Other areas of the body could also benefit

Jan 18, 2010 10:44 GMT  ·  By

Artificial muscle technology is a relatively new area of investigations, but one that promises a great deal of tangible results and innovation. Just recently, experts from the University of California in Davis (UCD) announced that they managed to develop a new method of allowing paralysis patients to blink. The finding could have significant implications for people who have lost this ability on account of combat-related injuries, stroke, nerve injury or facial surgery. Not being able to blink causes a number of severe side-effects for the eyes, ophthalmologists say.

In addition, thanks to the way the new devices are set up, in the near future, the same basic principles that underlie their operation could be used in other parts of the body as well, where the natural muscles have been destroyed, or incapacitated. According to the UCD team, its new system relies on the use of a combination of electrode leads and silicon polymers. The polymers have the ability to change their shape when subjected to an applied voltage, which makes them the ideal choice for artificial muscles.

“This is the first-wave use of artificial muscle in any biological system.
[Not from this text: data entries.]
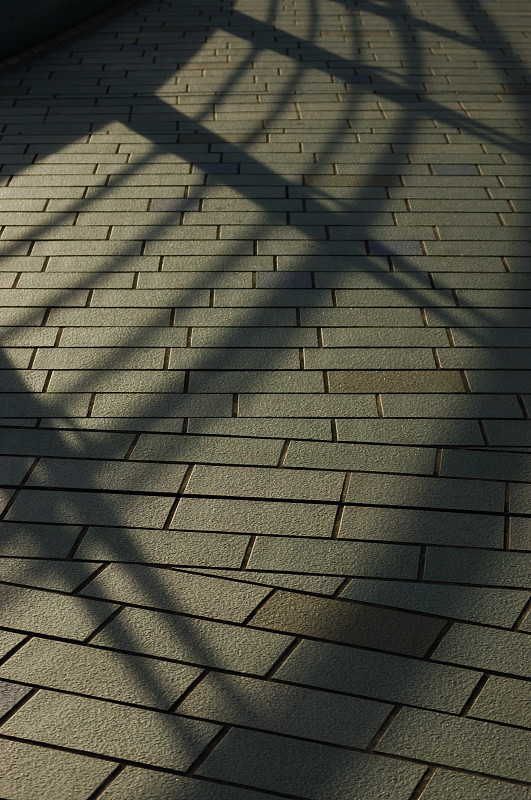 c0084666_910064.jpg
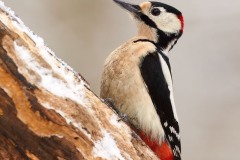 Dendrocopos major (Linnaeus, 1758)
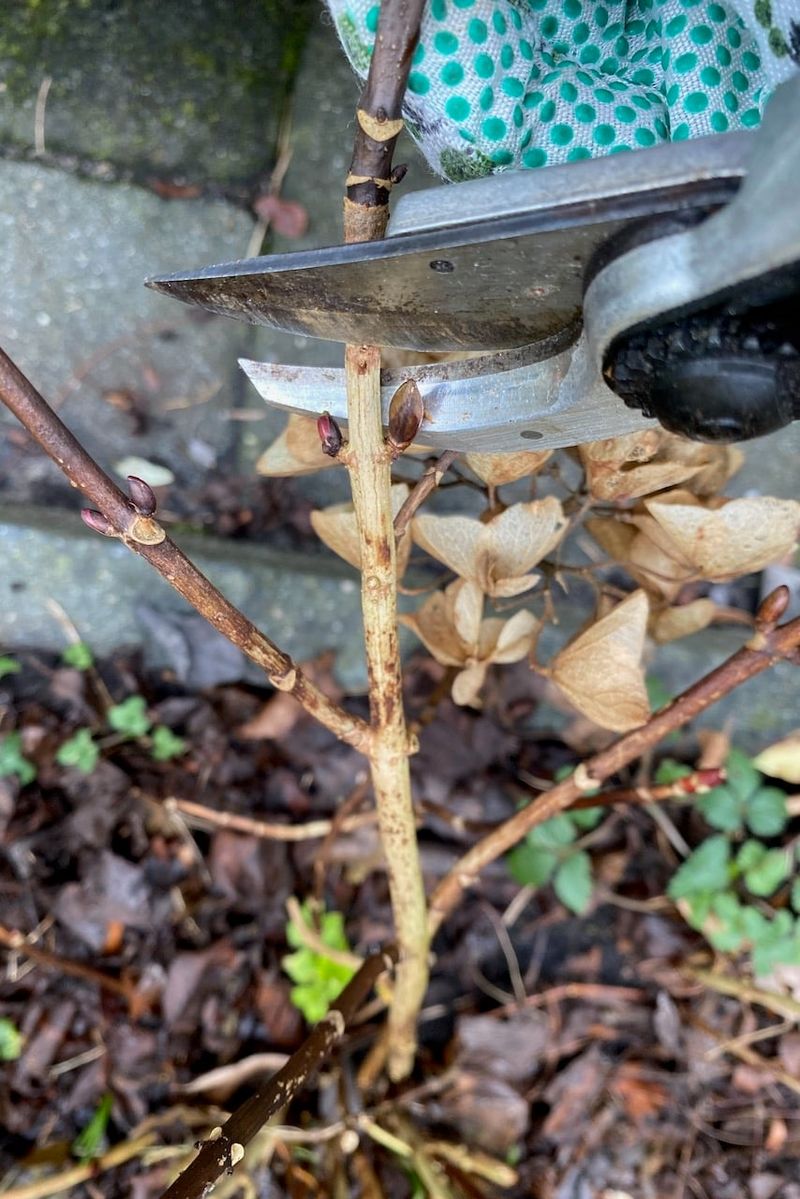 Not Removing Dead, Damaged, or Weak Stems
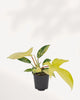 Philodendron Florida Beauty Variegated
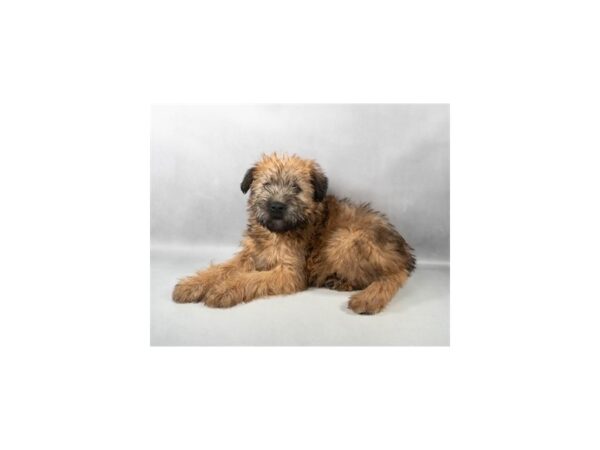 [#29453] Wheaten Female Soft Coated Wheaten Terrier Puppies For Sale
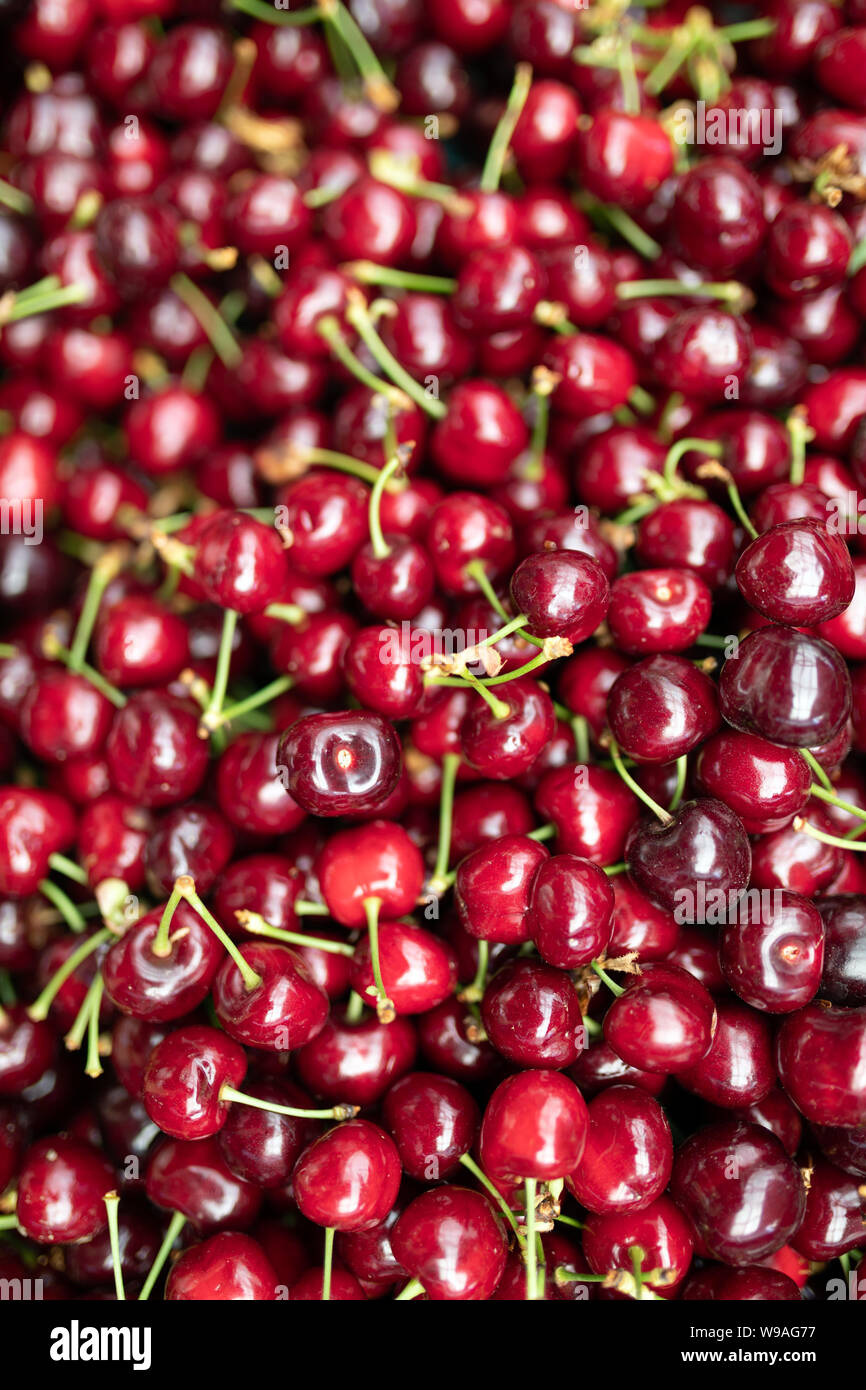 Close up of pile of ripe cherries with stalks and leaves Stock Photo ...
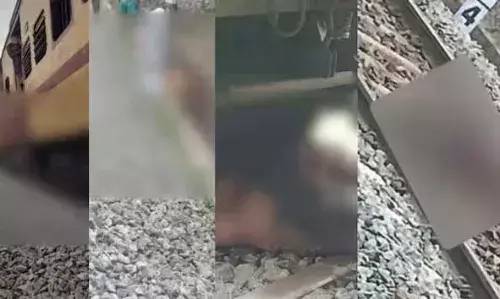 പാലക്കാട് ട്രെയിന്‍ ഇടിച്ച് 17 പശുക്കള്‍ കൂട്ടത്തോടെ ചത്തു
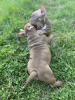 Photos supplémentaires: Chiots Pocket Bully, mâles et femelles, libres de demander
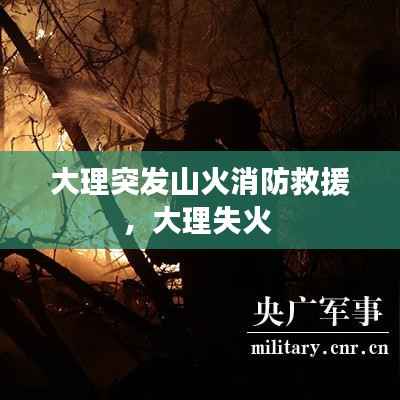 大理突发山火消防救援,大理失火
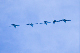 image0191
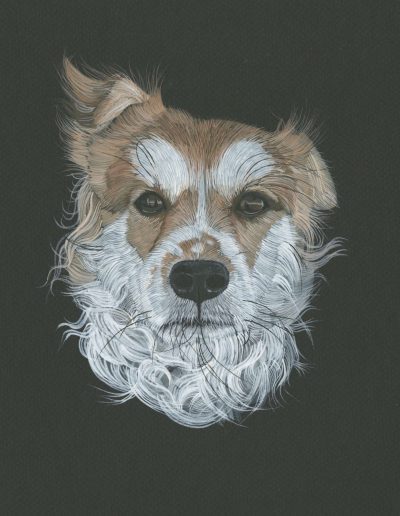 This is a painting of a dog's head. The dog has a curly white ruff and orange fur.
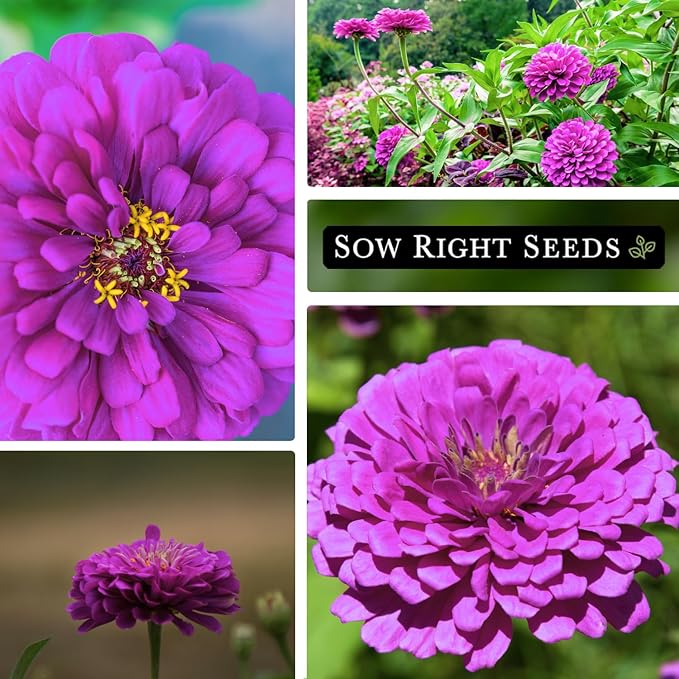 Sow Right Seeds - Luminosa Zinnia Flower Seeds for Planting - Non-GMO Heirloom Packet with Instructions to Grow - Heat & Drought Resistant - Huge Pink Blossoms - Beautiful to Plant in Your Garden (2)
But there are many ideas and concepts where this technology may play a role,” UCD Department of Otolaryngology (Head and Neck Surgery) facial plastic surgeon Travis Tollefson says. The system he and his team devised is presented in a scientific paper published in the January-February issue of the respected scientific journal Archives of Facial Plastic Surgery. What the team essentially did was develop a protocol, and a device, for implementing electroactive polymer artificial muscle (EPAM) technologies in living organisms.

Designing such a system for the eyes was relatively easy, the team says. The real challenge will come when they will have to investigate how to apply the same principle for the human body's main muscle groups, which sustain a lot more weight. “Facial muscles require relatively low forces, much less than required to move the fingers or flex an arm,” Craig Senders, a UCD otolaryngologist, explains. “The amount of force and movement the artificial muscle generates is very similar to natural muscle,” Tollefson concludes.